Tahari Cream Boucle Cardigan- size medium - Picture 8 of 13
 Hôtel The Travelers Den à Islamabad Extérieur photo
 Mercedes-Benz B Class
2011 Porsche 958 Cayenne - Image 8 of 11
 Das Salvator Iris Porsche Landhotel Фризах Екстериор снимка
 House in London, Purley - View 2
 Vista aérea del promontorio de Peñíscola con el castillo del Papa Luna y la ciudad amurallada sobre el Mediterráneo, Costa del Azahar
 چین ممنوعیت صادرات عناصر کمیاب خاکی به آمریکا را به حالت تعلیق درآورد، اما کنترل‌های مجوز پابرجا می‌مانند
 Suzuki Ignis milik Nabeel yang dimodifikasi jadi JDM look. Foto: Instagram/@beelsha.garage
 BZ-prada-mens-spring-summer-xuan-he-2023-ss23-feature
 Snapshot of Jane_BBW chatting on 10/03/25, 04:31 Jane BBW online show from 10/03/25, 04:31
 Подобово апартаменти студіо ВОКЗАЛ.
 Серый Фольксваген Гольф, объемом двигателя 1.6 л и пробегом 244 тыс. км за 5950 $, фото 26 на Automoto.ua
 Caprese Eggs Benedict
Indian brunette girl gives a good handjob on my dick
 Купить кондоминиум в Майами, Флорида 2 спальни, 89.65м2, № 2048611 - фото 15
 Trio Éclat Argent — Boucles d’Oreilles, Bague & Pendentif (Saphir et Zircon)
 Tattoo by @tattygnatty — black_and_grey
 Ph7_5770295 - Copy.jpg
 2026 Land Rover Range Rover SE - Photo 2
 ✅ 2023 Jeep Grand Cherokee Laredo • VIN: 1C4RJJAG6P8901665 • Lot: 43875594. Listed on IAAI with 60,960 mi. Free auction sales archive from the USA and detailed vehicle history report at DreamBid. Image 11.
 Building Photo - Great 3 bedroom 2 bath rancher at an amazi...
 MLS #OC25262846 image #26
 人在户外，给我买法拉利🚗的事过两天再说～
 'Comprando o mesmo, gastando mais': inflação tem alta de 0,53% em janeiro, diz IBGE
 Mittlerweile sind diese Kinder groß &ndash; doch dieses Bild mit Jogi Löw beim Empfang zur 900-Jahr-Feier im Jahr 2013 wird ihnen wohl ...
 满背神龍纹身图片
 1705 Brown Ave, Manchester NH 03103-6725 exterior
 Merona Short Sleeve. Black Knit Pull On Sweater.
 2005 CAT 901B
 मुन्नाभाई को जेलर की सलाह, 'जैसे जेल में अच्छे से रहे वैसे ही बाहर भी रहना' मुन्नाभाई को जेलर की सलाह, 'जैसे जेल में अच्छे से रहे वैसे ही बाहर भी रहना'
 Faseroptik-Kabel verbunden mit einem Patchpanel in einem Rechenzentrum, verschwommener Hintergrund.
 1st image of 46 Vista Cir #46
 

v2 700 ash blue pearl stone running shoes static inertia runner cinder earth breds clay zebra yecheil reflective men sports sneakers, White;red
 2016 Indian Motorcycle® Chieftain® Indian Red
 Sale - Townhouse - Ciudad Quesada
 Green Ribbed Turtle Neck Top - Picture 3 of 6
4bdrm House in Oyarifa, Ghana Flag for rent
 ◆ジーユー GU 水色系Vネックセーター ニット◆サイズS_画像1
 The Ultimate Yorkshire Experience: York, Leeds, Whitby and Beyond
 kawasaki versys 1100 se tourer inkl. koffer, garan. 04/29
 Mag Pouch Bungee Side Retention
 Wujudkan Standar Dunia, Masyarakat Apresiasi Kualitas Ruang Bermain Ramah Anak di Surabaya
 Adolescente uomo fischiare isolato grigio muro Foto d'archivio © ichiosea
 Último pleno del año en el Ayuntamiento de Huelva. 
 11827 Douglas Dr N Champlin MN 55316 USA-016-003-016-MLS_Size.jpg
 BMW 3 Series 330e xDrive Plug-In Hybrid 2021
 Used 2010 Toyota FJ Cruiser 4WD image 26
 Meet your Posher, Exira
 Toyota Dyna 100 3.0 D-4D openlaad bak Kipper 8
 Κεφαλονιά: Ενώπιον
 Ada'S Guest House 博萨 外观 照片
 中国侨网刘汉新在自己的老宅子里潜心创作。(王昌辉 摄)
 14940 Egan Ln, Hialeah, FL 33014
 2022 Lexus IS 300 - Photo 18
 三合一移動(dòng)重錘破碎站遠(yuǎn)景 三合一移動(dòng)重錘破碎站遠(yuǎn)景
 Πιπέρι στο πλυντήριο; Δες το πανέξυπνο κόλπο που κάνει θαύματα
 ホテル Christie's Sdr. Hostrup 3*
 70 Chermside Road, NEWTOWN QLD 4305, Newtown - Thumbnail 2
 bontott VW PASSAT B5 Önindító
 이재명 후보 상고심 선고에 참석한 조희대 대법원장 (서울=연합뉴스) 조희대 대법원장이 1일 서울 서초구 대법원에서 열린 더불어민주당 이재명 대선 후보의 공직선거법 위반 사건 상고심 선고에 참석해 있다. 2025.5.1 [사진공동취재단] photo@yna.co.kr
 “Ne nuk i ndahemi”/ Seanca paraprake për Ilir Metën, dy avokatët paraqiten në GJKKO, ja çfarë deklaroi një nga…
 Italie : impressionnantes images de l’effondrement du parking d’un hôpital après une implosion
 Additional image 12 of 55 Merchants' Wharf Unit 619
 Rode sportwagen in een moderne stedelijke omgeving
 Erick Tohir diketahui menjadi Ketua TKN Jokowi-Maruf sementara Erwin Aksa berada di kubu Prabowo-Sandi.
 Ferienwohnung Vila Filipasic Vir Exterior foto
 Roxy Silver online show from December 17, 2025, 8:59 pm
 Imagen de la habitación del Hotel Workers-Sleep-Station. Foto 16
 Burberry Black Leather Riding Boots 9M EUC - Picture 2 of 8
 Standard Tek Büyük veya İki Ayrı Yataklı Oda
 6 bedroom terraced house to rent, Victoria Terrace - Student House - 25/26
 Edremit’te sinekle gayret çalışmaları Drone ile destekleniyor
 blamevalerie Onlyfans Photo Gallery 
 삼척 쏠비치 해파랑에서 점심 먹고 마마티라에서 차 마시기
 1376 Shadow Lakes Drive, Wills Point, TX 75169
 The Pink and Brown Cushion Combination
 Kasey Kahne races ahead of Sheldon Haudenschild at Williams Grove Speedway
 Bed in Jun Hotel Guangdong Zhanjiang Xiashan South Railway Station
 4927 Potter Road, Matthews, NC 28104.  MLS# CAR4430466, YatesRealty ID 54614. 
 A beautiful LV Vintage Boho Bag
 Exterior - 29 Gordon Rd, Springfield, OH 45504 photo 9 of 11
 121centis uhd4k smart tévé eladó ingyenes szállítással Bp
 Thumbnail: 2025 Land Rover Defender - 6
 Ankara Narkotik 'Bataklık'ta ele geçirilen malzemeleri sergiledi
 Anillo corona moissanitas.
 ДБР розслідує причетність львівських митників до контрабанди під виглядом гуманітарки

___

◆ **Work to be completed**: Of the lines above, extract only those from the line with "ホテル Christie's Sdr. Hostrup 3*" to the line with "Anillo corona moissanitas.", both included, exactly as written.

◆ **Your response**:
 ホテル Christie's Sdr. Hostrup 3*
 70 Chermside Road, NEWTOWN QLD 4305, Newtown - Thumbnail 2
 bontott VW PASSAT B5 Önindító
 이재명 후보 상고심 선고에 참석한 조희대 대법원장 (서울=연합뉴스) 조희대 대법원장이 1일 서울 서초구 대법원에서 열린 더불어민주당 이재명 대선 후보의 공직선거법 위반 사건 상고심 선고에 참석해 있다. 2025.5.1 [사진공동취재단] photo@yna.co.kr
 “Ne nuk i ndahemi”/ Seanca paraprake për Ilir Metën, dy avokatët paraqiten në GJKKO, ja çfarë deklaroi një nga…
 Italie : impressionnantes images de l’effondrement du parking d’un hôpital après une implosion
 Additional image 12 of 55 Merchants' Wharf Unit 619
 Rode sportwagen in een moderne stedelijke omgeving
 Erick Tohir diketahui menjadi Ketua TKN Jokowi-Maruf sementara Erwin Aksa berada di kubu Prabowo-Sandi.
 Ferienwohnung Vila Filipasic Vir Exterior foto
 Roxy Silver online show from December 17, 2025, 8:59 pm
 Imagen de la habitación del Hotel Workers-Sleep-Station. Foto 16
 Burberry Black Leather Riding Boots 9M EUC - Picture 2 of 8
 Standard Tek Büyük veya İki Ayrı Yataklı Oda
 6 bedroom terraced house to rent, Victoria Terrace - Student House - 25/26
 Edremit’te sinekle gayret çalışmaları Drone ile destekleniyor
 blamevalerie Onlyfans Photo Gallery 
 삼척 쏠비치 해파랑에서 점심 먹고 마마티라에서 차 마시기
 1376 Shadow Lakes Drive, Wills Point, TX 75169
 The Pink and Brown Cushion Combination
 Kasey Kahne races ahead of Sheldon Haudenschild at Williams Grove Speedway
 Bed in Jun Hotel Guangdong Zhanjiang Xiashan South Railway Station
 4927 Potter Road, Matthews, NC 28104.  MLS# CAR4430466, YatesRealty ID 54614. 
 A beautiful LV Vintage Boho Bag
 Exterior - 29 Gordon Rd, Springfield, OH 45504 photo 9 of 11
 121centis uhd4k smart tévé eladó ingyenes szállítással Bp
 Thumbnail: 2025 Land Rover Defender - 6
 Ankara Narkotik 'Bataklık'ta ele geçirilen malzemeleri sergiledi
 Anillo corona moissanitas.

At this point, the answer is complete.